Almost everything Dr. Ackoff says is worth quoting, but here's a line I think about at least once a week:
"An improvement programme must be directed at what you want, not at what you don't want. Determining what you want requires asking yourself: what you would do right now, if you could do whatever you wanted to? Because if you don't know what you could do if you can do whatever you wanted to, how in the world do you know what you can do under constraints?"
If you want to be a strategist, you'll need to think like one. The good news is, it's far less about your problem-solving skills - and far more about your solution-finding ones!
Step One: Aim for what you want
When you've done that, you don't have to focus on solving problems, but you can flip the conversation to achieving goals instead. Problems are everywhere. Important goals are hard to come by.
If you spend your time designing for what you don't want, you might be successful. You might, for example, avoid financial ruin, reputation loss and poor health.

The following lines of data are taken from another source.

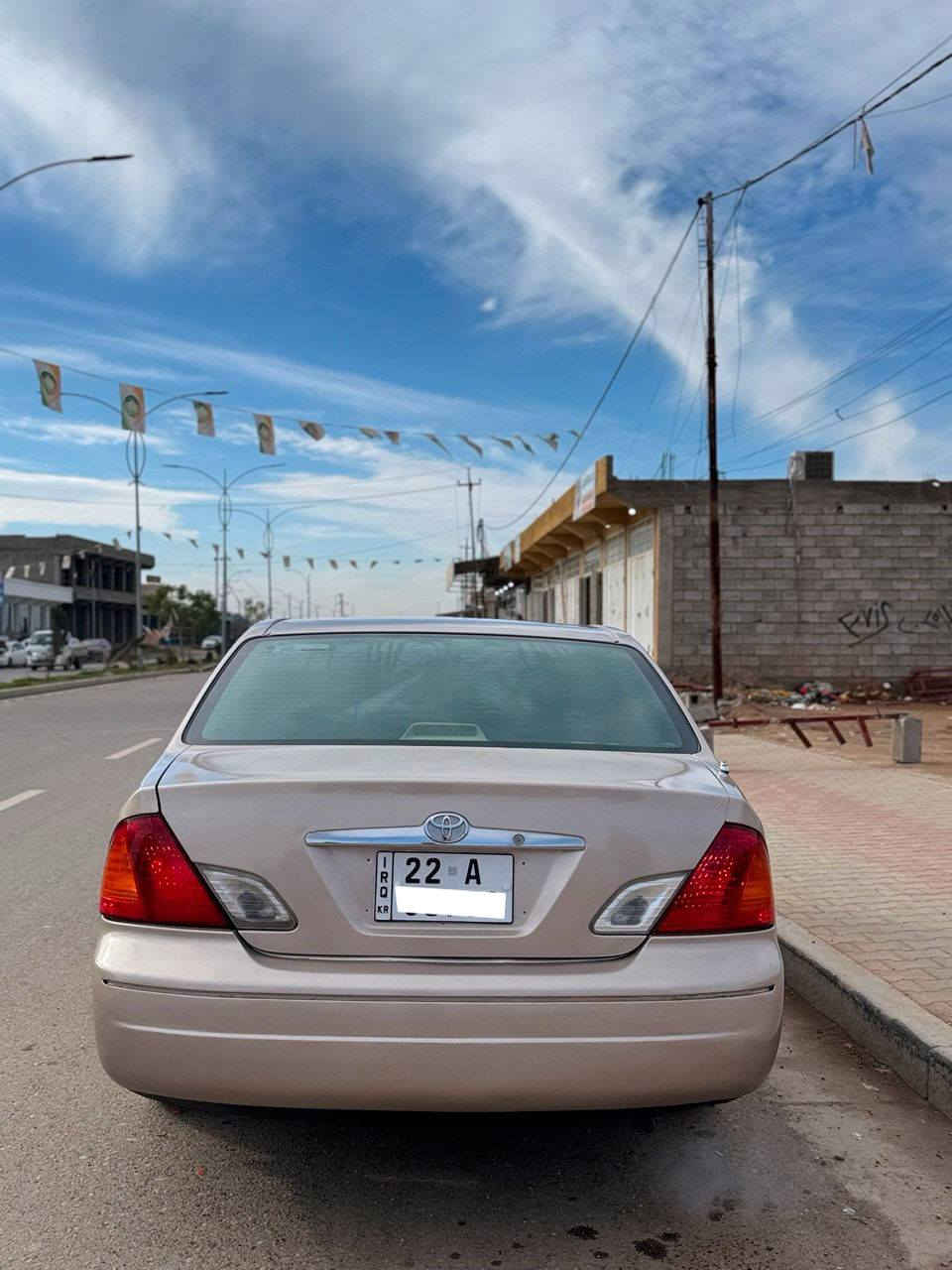 السلام عليكم للبيع افلون 2001
خليجي رقم أربيل بأسمي تحويل مباشر 
مكينة وكير وصدر وتبريد تخم تاير كلة كفالة 
بدون اي ضربة مصبوغة جمالية 
السعر 75 وبيها مجال بسيط 
المكان صلاح الدين الضلوعية 
***********
الشراي يتصل غير متواجد علنت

But what about what you do want? Before you cut your dreams off at the knees thinking about your lack of time and money, the needs of others and the precedent that's been set in the past... stop.
Step Two: Stop asking if
Strategists don't ask if they can have what they want. They don't wonder if they could have a more successful business, a happier marriage, a healthier lifestyle or a more engaged team.
If questions lead us to come up with all the reasons why we won't be able to achieve our goals, and promote mediocre goals. If questions see us thinking small, designing systems to manage risk in our business, manage conflict in our marriage, serve others, stave off weight gain and stop employees from leaving.

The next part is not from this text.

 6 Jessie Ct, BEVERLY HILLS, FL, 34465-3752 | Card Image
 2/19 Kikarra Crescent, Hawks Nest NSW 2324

Strategists do it differently.
Step 3: Ask why, then how
First they ask why they want it, and then they ask how they can get their why.
Faced with a business idea or dream, they don't look at all the reasons it won't work. Instead they'll ask why it's worth achieving, and, if it's worth it, they'll set about working out how to make their why it a reality. Who they'll need on board, where they'll get the money from and what they need to learn to make it real.
What about you?
What would you do if you could do whatever you wanted?